Kremlin released a statement later, saying that parties have signed a deal on "complete stoppage" of combat actions in Nagorno-Karabakh.

"I made that decision as a result of a deep analysis of the military situation," Pashinian said adding, "We need to analyze our years of independence to plan our future and not repeat the mistakes of the past."

Russian President Vladimir Putin announced later that the cease-fire has started, and that Azerbaijani and Armenian militaries will remain in positions they control.

According to a piece published on the Middle East Eye news website, the deal will mandate Armenia to "cede a large chunk of territory."

Turkish and Russian peacekeeping forces will be stationed in Nagorno-Karabakh after the deal, Haber Global television reported later in the day.

The agreement calls for Armenian forces to turn over control of some areas it held outside the borders of Nagorno-Karabakh, including the eastern district of Agdam, according to the Associated Press. That area carries strong symbolic weight for Azerbaijan because its main city, also called Agdam, was thoroughly pillaged, and the only building remaining intact is the city's mosque.

Armenians will also turn over the Lachin region, which holds the main road leading from Nagorno-Karabakh to Armenia. The agreement calls for the road, the so-called Lachin Corridor, to remain open and be protected by Russian peacekeepers.

In all, 1,960 Russian peacekeepers are to be deployed in the region under a five-year mandate, the AP said.

The agreement also calls for transport links to be established through Armenia linking Azerbaijan and its western exclave of Nakhcivan, which is surrounded by Armenia, Iran and Turkey.

The capture of Shusha

Azerbaijani President Ilham Aliyev also addressed nation later in the day. Hailing the deal as victory, Aliyev added Pashinian was obliged to sign it after Azerbaijan liberated its occupied territories, especially the key town of Shusha.

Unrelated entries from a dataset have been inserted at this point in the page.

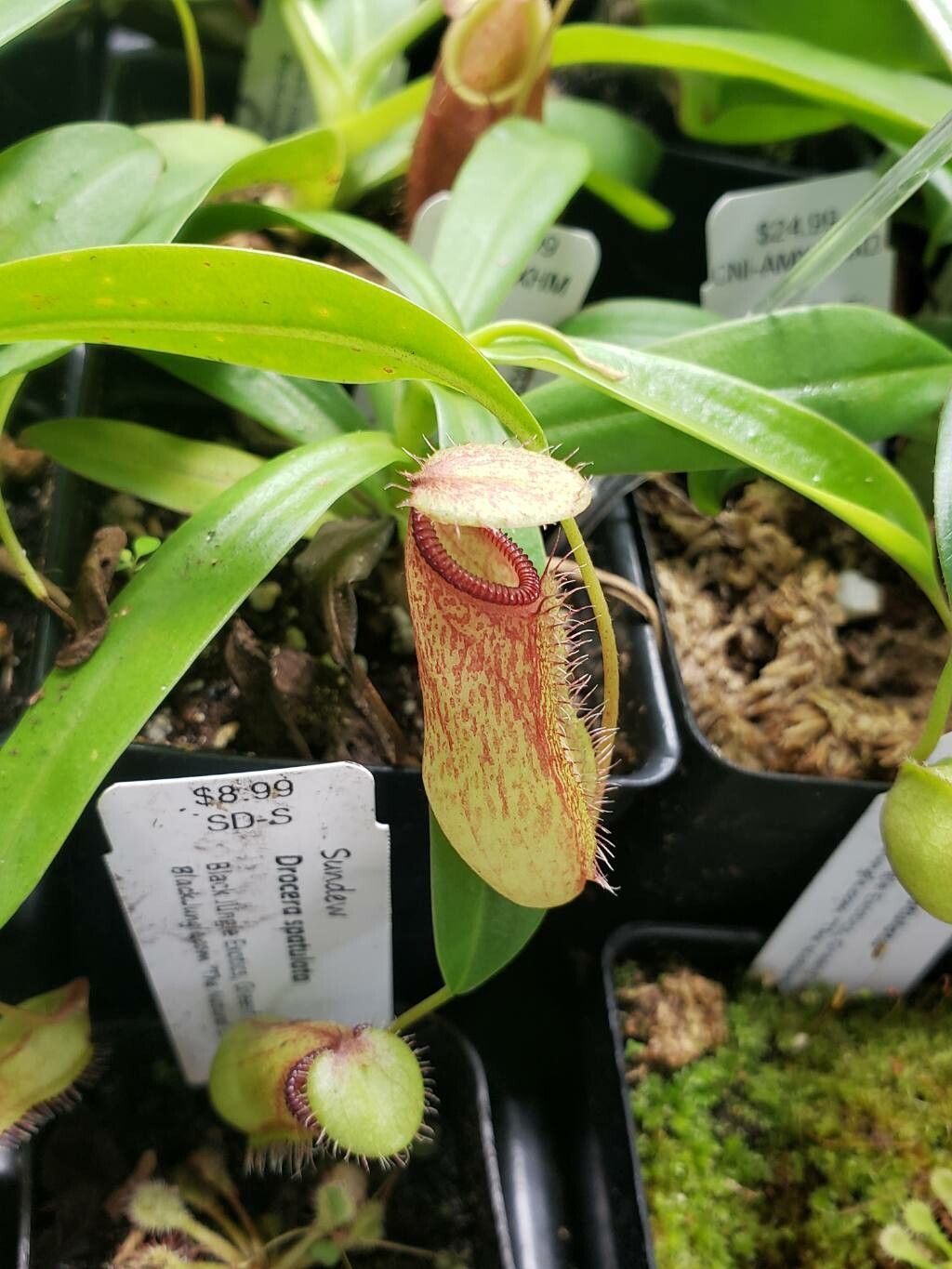 Nepenthes ventricosa — search result for 'Nepenthes'
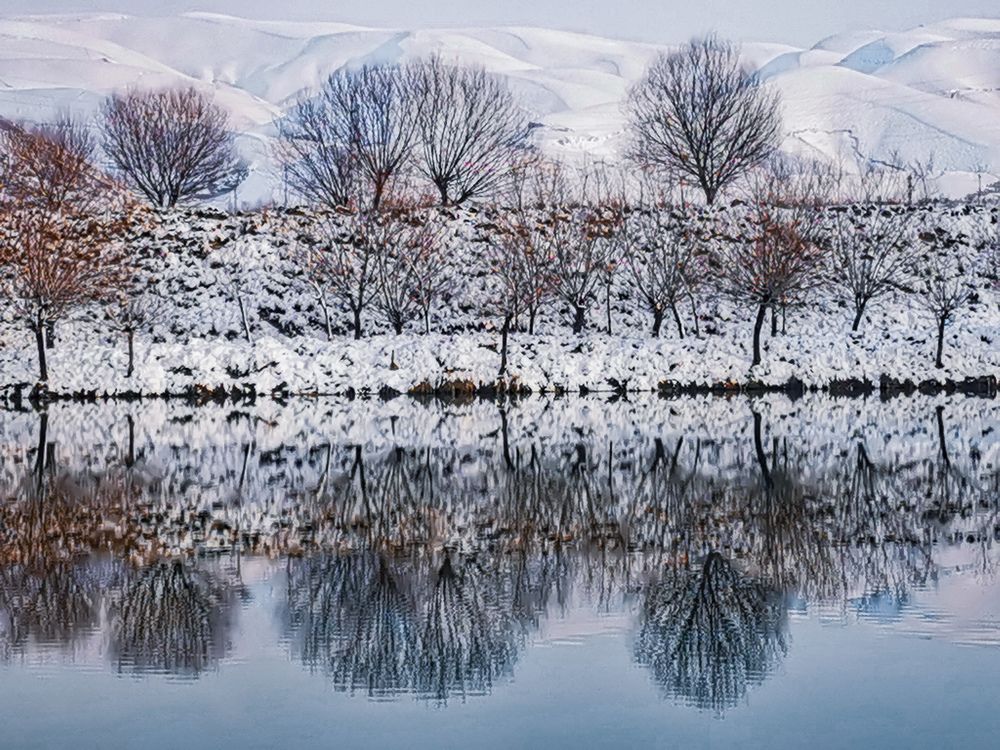 Photograph by Oleg Guchgeldiev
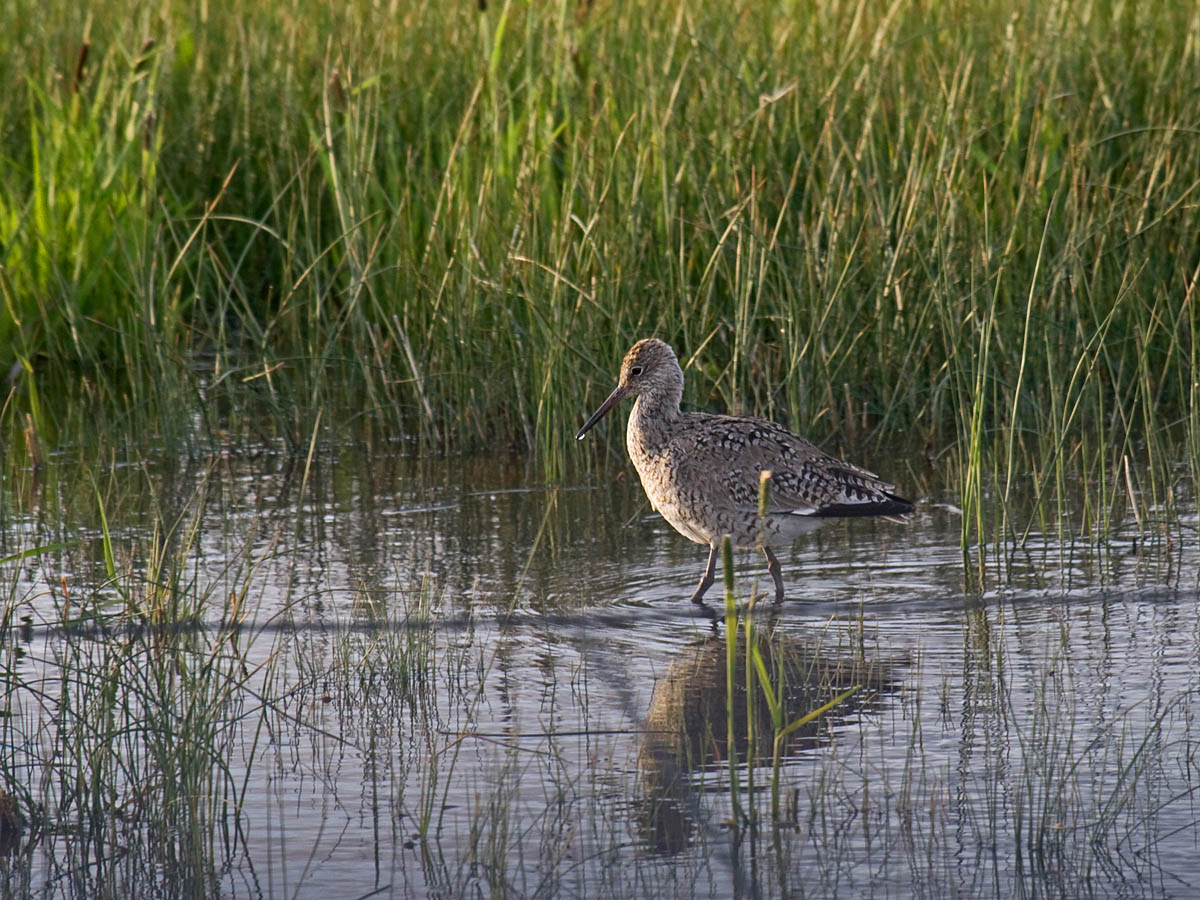 Willet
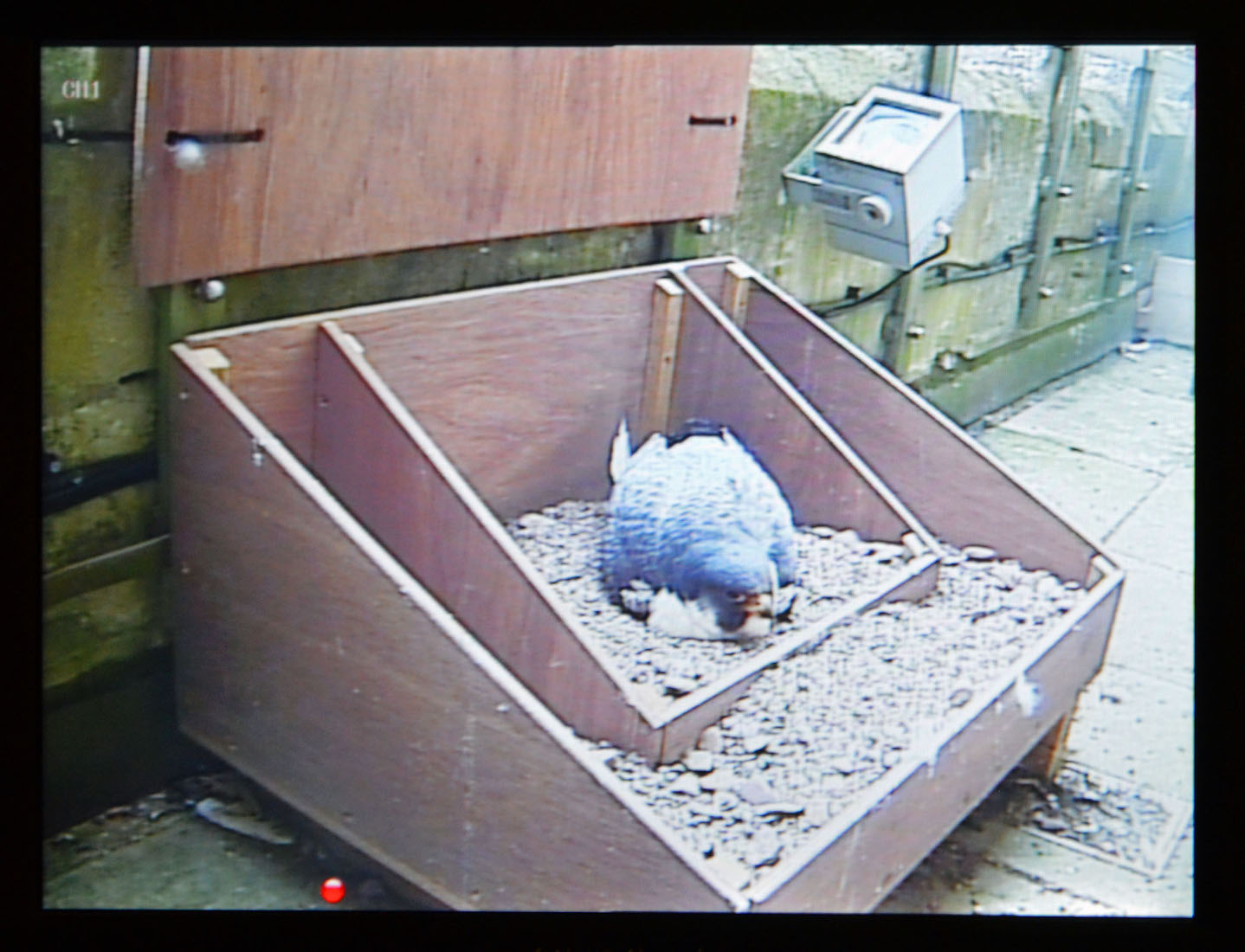 SalisburyPeregrines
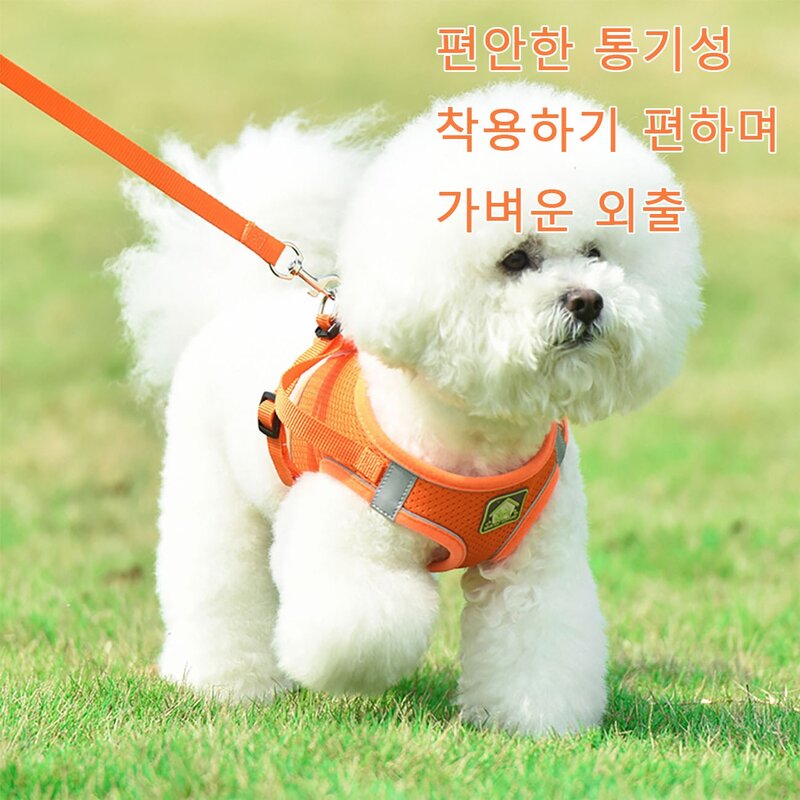 강아지 하네스 가슴줄 세트 야간 빛 반사 세이프 강아지 하네스 강아지 충격완화 하네스 핏밴드 강아지 가슴줄 하네스 + 리드줄, 베이직 그레이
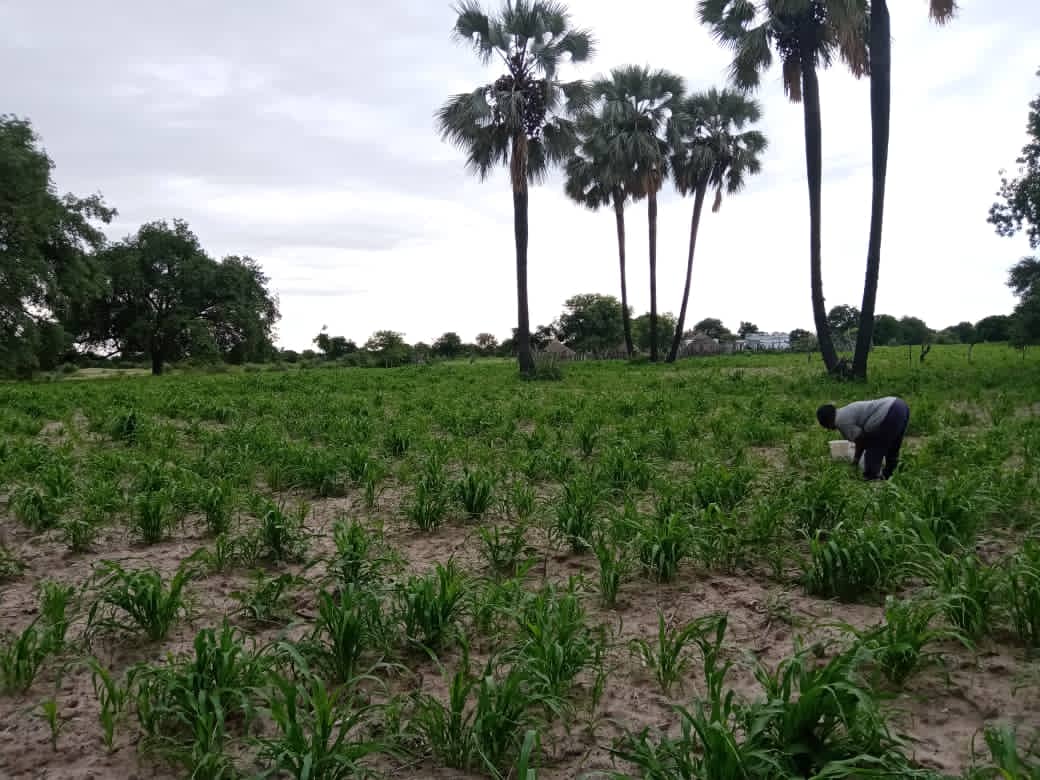 Farmers see signs of a bumper harvest
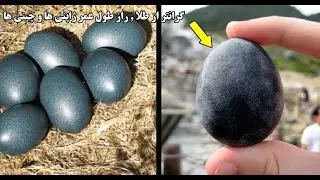 تخم مرغ و مرغ سیاه ارزش آن شما را متعجب میکند!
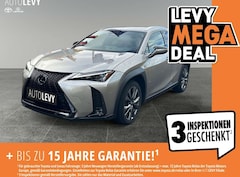 Lexus UX 250h 300h F-Sport Design *NAVI*LEDER*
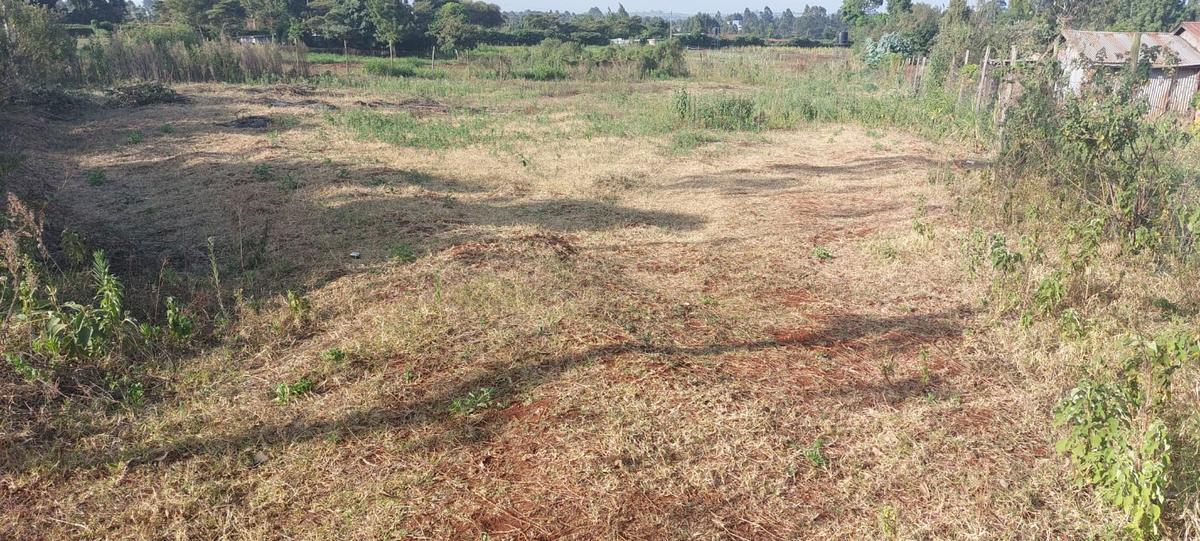 0.5 ac Residential Land at Near Gichuru High School - 4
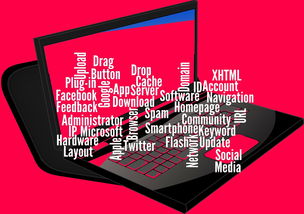 开云体育移动版-CBA开展球员社交媒体管理课程提高职业素养,运动员社交媒体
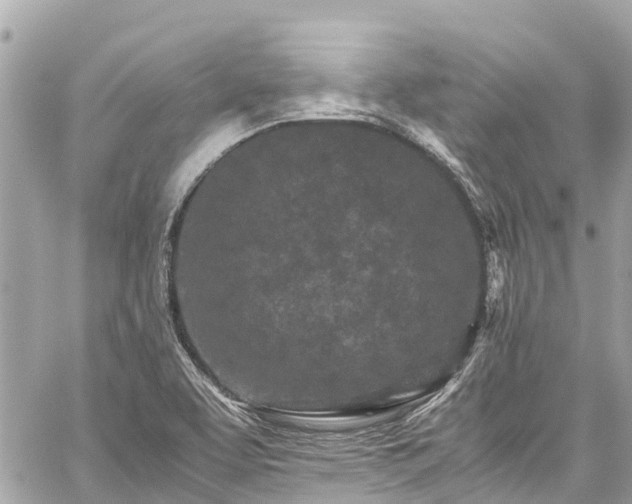 X0000059831463200510241408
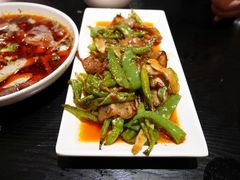 -夫妻肺片·中华老字号·正宗川菜(春熙路店)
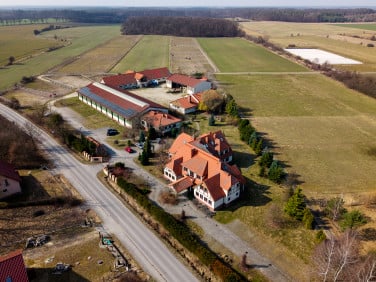 Dom Wielka Lipa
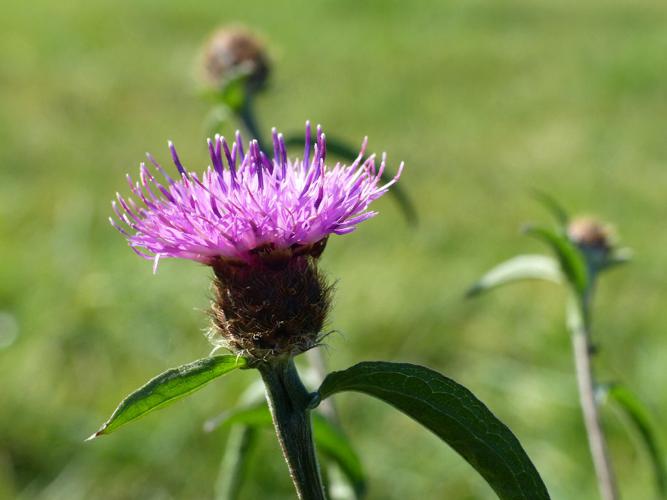 Centaurée noire (Centaurea nigra) © Morvan Debroize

The capture of Shusha has also been a major victory for Azerbaijani forces, who have been making gains against Armenian separatist fighters since new fighting erupted over Nagorno-Karabakh a month ago.

The town has a significant military value since it is located on strategic heights about 10 kilometers (6 miles) south of the region’s capital over Khankendi (Stepanakert) and on the road linking the city with Armenian territory.

The Azerbaijani army inflicted "heavy blows" on Armenian military positions in the Khojavend region, Azerbaijan's Defense Ministry also said on Monday. A ministry statement late Sunday said the Armenian army suffered "heavy losses" and fled their position on the front line.

Over the past six weeks, the Azerbaijani army has liberated five cities, three towns, nearly 240 villages and some strategic heights from Armenian occupation.

About 20% of Azerbaijan's territory, including Nagorno-Karabakh and seven adjacent regions, has been under Armenian control for nearly three decades.

Armenian opposition wants PM to quit

Tellingly, Armenia's opposition on Monday called for the prime minister's resignation as Azerbaijan continues its military successes in Upper Karabakh region. A total of 17 opposition parties called on Nikol Pashinyan to step down in order to prevent "unrecoverable losses."

"The political forces demand that Pashinyan and his government, who are responsible for the current disastrous situation, leave office," the joint statement said.

They also pushed for the establishment of an emergency executive body to resolve military and political issues. "Losses of lives and land, and deteriorating relations with allies, especially with Russia, clearly show that the current government is incapable," the parties said.